- WHAT THE EXERCISE ASKS -
Your output should be the lines from the one containing "Beplain - Cicaful" through the end of the listing, exact and inclusive, with no pictures.

- DATA FOR REVIEW -
++++++++++++++++++++

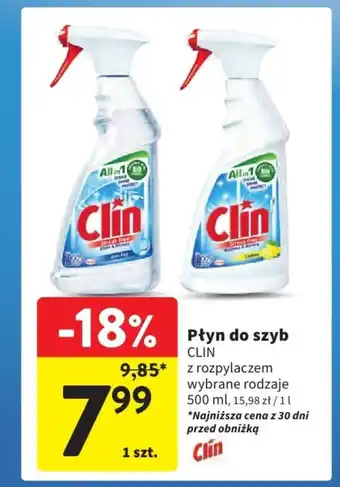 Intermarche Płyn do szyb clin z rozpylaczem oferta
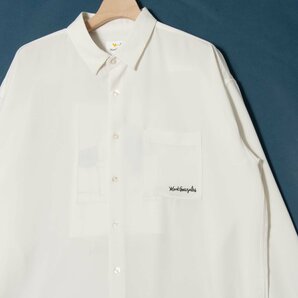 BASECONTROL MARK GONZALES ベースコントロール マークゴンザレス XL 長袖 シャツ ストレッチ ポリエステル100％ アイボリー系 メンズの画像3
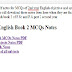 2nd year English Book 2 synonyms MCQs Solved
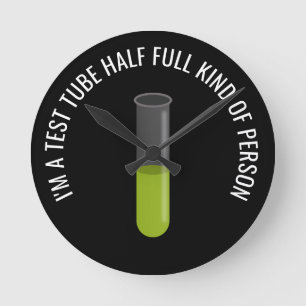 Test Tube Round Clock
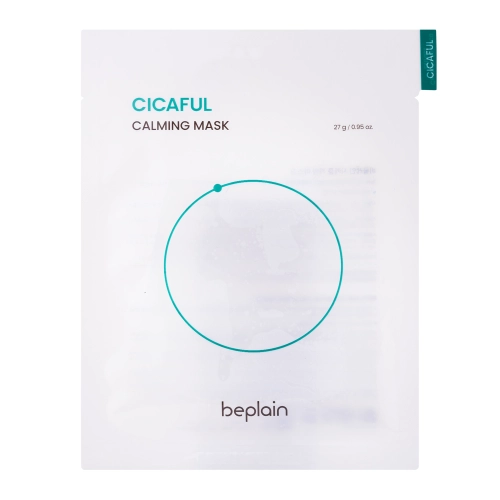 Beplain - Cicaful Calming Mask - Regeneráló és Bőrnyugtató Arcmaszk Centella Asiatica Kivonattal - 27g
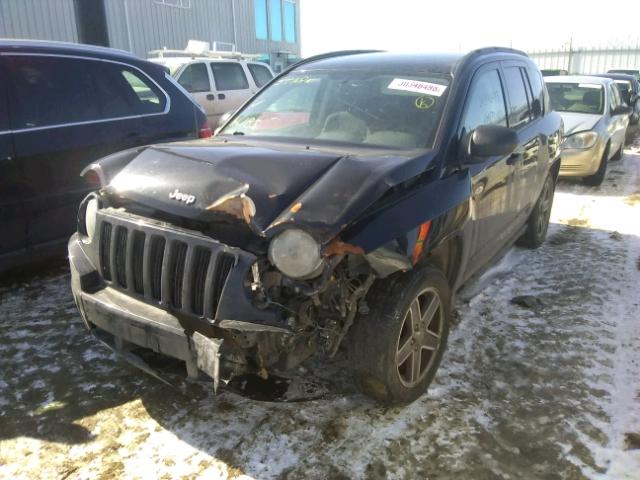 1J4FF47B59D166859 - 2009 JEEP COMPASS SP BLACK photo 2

++++++++++++++++++++

- SOLUTION TO THE EXERCISE -
 Beplain - Cicaful Calming Mask - Regeneráló és Bőrnyugtató Arcmaszk Centella Asiatica Kivonattal - 27g
 1J4FF47B59D166859 - 2009 JEEP COMPASS SP BLACK photo 2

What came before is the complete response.